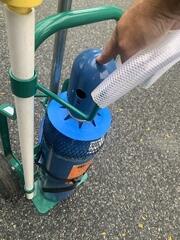 Co2 Burrow Treating Device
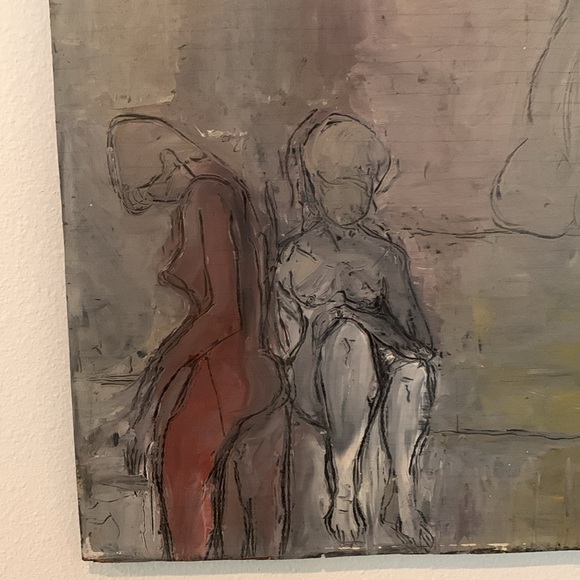 Lobello original painting - Picture 3 of 5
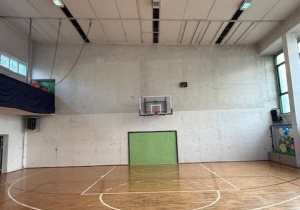 zdjęcie sali gimnastycznej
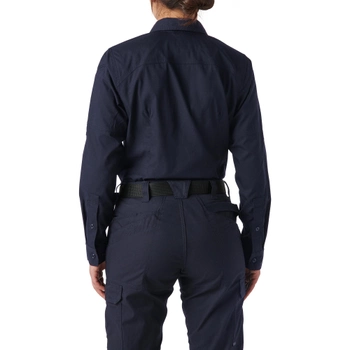 Сорочка тактична жіноча 5.11 Tactical Women's ABR Pro Long Sleeve Shirt M Dark Navy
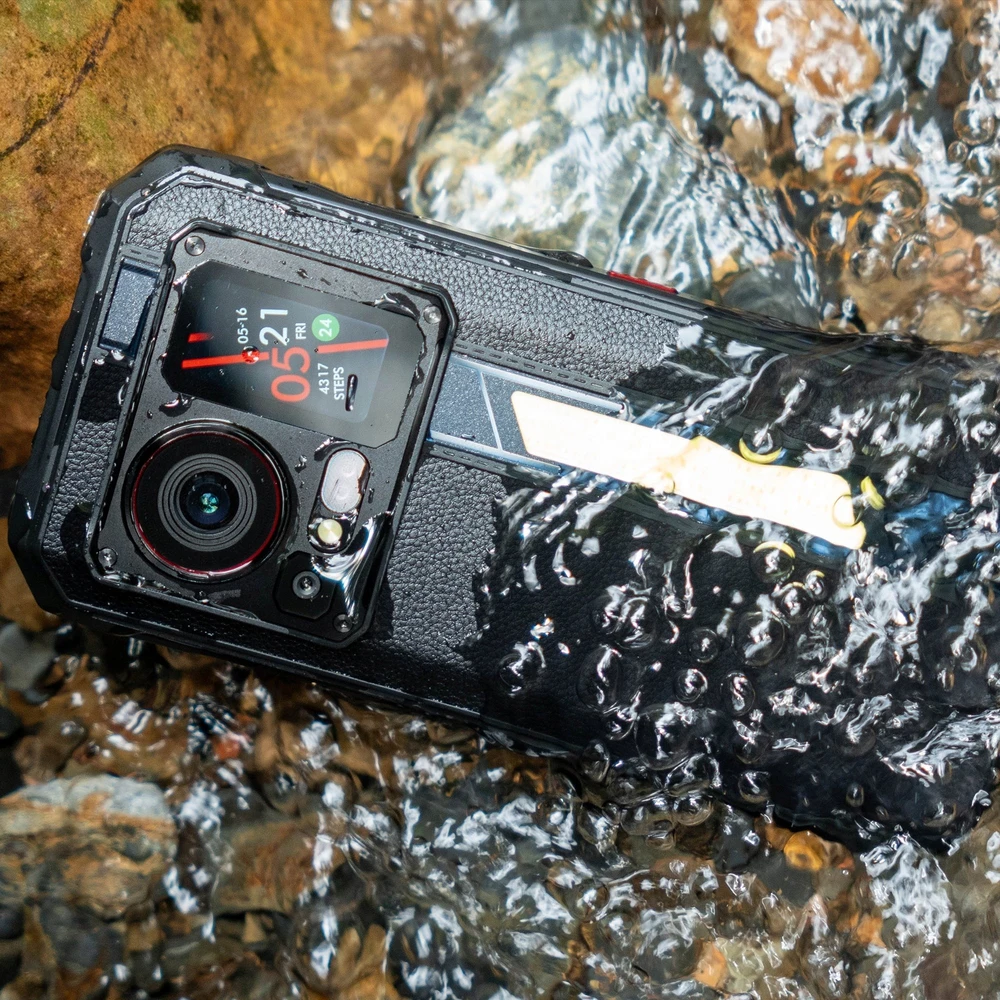 HOTWAV Hyper 7 Pro smartphone (juodas)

++++++

▶ _To do_
Without including any picture, restate every entry above exactly.

▶ _Output for this task_
 Co2 Burrow Treating Device
 Lobello original painting - Picture 3 of 5
 zdjęcie sali gimnastycznej
 Сорочка тактична жіноча 5.11 Tactical Women's ABR Pro Long Sleeve Shirt M Dark Navy
 HOTWAV Hyper 7 Pro smartphone (juodas)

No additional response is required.